Sat, February 18, 2006 8:53 PM
I2C ADC Works!
I was able to do some basic (read: synchronous) TWI/I2C communication with the AD7993-0 4-channel ADC we have on the Power Board. In the process, I discovered that it has a really stupid limitation, but we can work around that in software. In any case, I'm pretty stoked about this. Now I have to do a little work on the telemetry app to actually put that data to use (it's damn hard to read hex streaming in a terminal window). I used a synchronous TWI library from Peter Fleury. However, the site appears to be in Switzerland, and stopped responding shortly after I downloaded the code.

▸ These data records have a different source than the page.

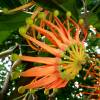 SAFLAX - Australischer Feuerradbaum - 20 Samen - Stenocarpus sinuatis Bild 6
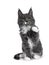 Lovely cute blue with white markings Maine Coon cat kitten on white background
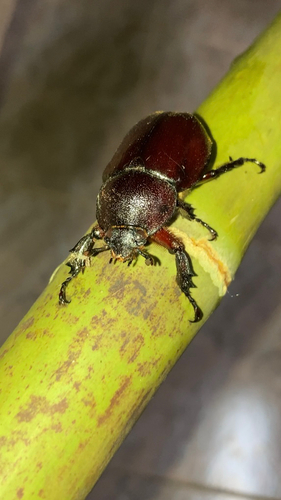 Siamese Rhinoceros Beetle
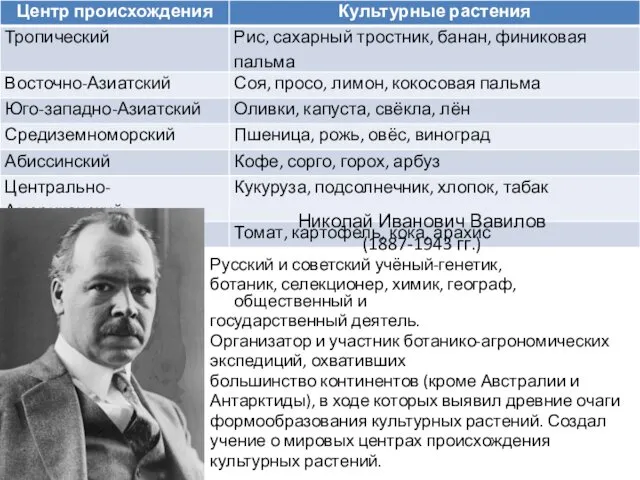 Николай Иванович Вавилов (1887-1943 гг.) Русский и советский учёный-генетик, ботаник,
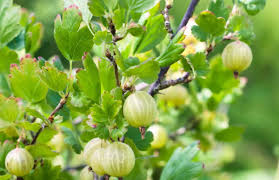 Some types of citrus trees are specifically bred to have fewer or no thorns. 14 Bountiful Fruit Trees That Make Good Shrubs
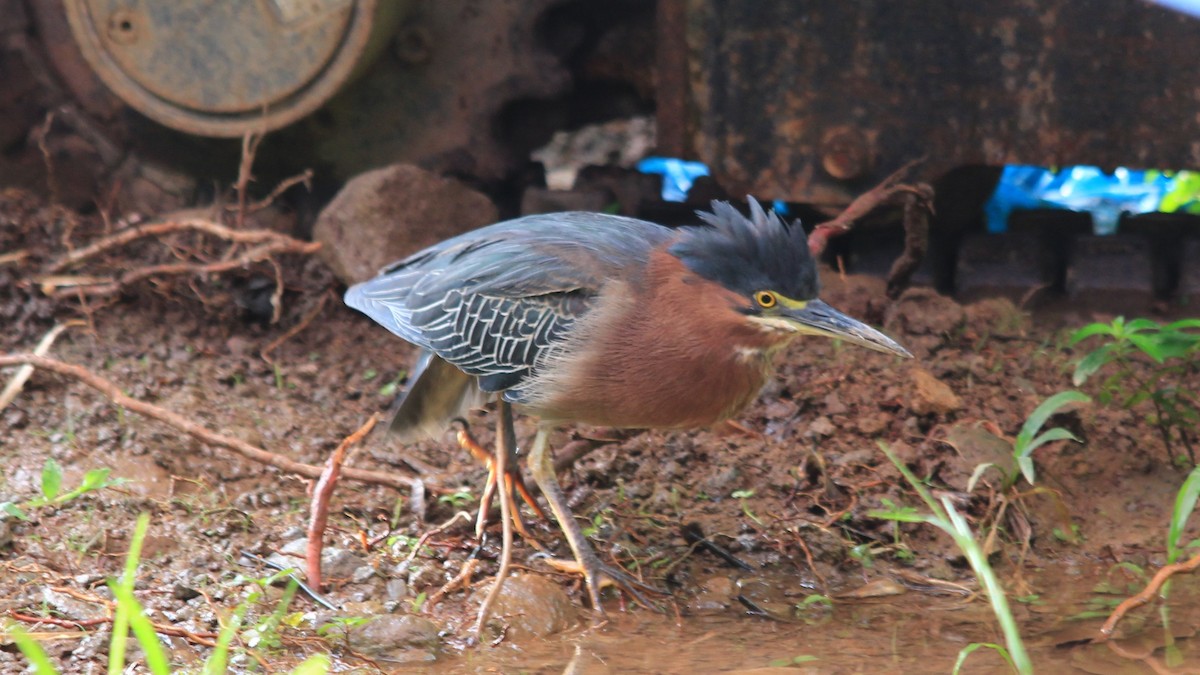 Green Heron - ML173360671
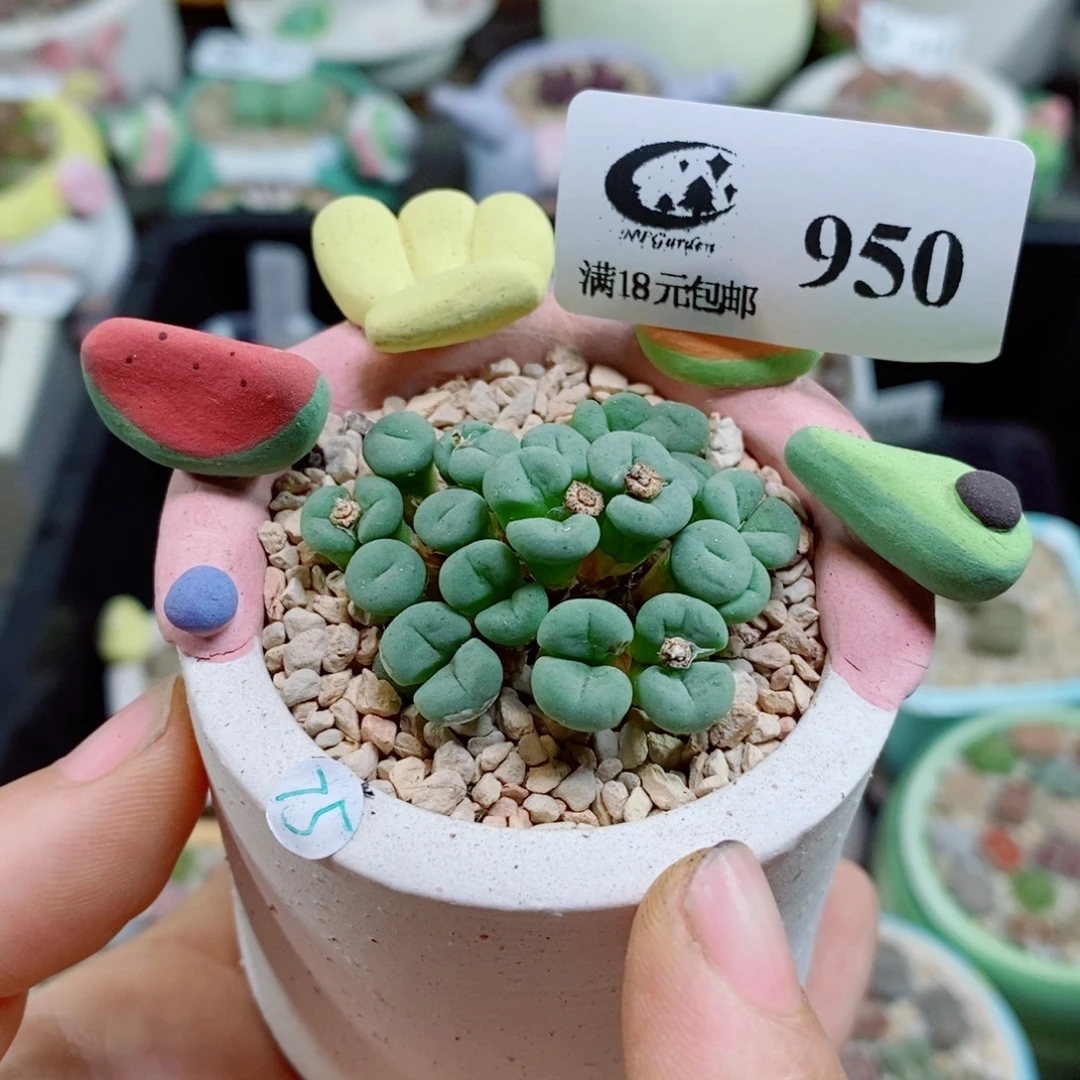 生石花花花花花花花花950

The AD7993 has a mode of operation where it will cycle through any combination of the 4 analog input channels, automatically converting. However (stupidly), it only has one conversion result register, so each new channel conversion result overwrites the previous channel's conversion result. This makes the automatic cycling mode much less useful. To use it, you have to synchronize reading the ADC with its notion of which channel is in place (or just get the values randomly, as your reads at a frequency different from the conversion cycle).
The workaround will be to use Mode 2, Command Mode, and explicitly request each channel's conversion. It may be sufficient (although less elegant) to do this synchronously (that is, without relying on TWI interrupts), because the rate at which we want to send telemetry is pretty low.